O que podemos nós fazer? Podemos simplesmente adotar um melhor comportamento como seres humanos em termos de poluição. Olhar para o nosso uso de plástico e questionar: precisamos mesmo de todo este plástico na nossa vida? Eu tenho idade suficiente para me lembrar de uma vida sem plástico e era muito bom. 

As pessoas podem tomar as suas próprias decisões sobre a sua alimentação. Lembro-me de a minha mulher e eu, quando vivíamos em Nova Iorque, olharmos para o último relatório sobre o que a carne de vaca estava a fazer à Amazónia, e olharmos para uma foto dos nossos netos. A questão foi: do que é que gostamos mais? Os hambúrgueres ou os nossos netos? Decidimos ali, há cerca de cinco anos, desistir da carne de vaca. 

As pessoas precisam de ter um carro? Muitas pessoas sim, mas eu e a minha mulher já vivemos em cidades há bastante tempo e não temos carro há décadas. Dependemos dos transportes públicos e das deslocações a pé, que é a melhor forma de nos deslocarmos. 

Os cidadãos devem fazer escolhas que fazem deste mundo um lugar sustentável. 

Fotografia do concurso do Dia Mundial dos Oceanos 2017 ©Christian Vizl

ONU News: O que se espera alcançar na próxima Conferência dos Oceanos? 

Peter Thomson: Em Lisboa, queremos gerar, fora do processo formal e em eventos paralelos, novas ideias de inovação. 

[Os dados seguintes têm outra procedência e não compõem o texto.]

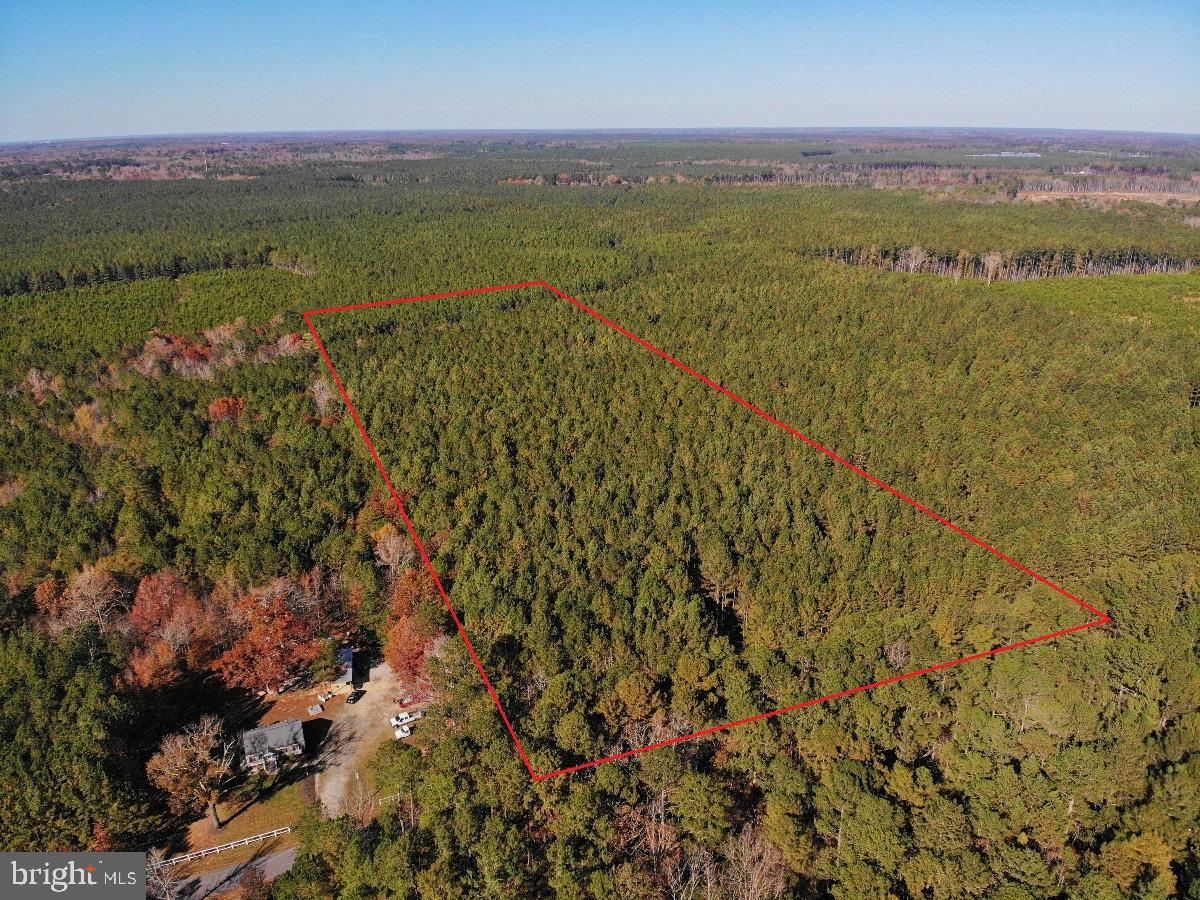 0 POLE RUN RD, DISPUTANTA, Virginia 23842, ,Land,For sale,0 POLE RUN RD,VAPV2000098 MLS # VAPV2000098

Estou confiante no surgimento de ideias inovadoras, visíveis na atmosfera que se desenvolve em torno do núcleo central da conferência. 

As parcerias inovadoras baseadas na ciência estão também em destaque. Públicas, privadas, a norte, a sul, a este e a oeste. Este é um momento universal. Uma conferência da ONU é sempre um momento universal. 

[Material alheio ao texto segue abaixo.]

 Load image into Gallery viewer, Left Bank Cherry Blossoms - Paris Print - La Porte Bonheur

A primeira Conferência dos Oceanos, em 2017, foi uma mudança de paradigma e despertou o mundo para os problemas dos oceanos. Esta Conferência, em Lisboa, em Junho, tem como objetivo dar soluções para os problemas do mundo que temos vindo a alertar. Estou muito confiante que as soluções vão emergir quando lá chegarmos.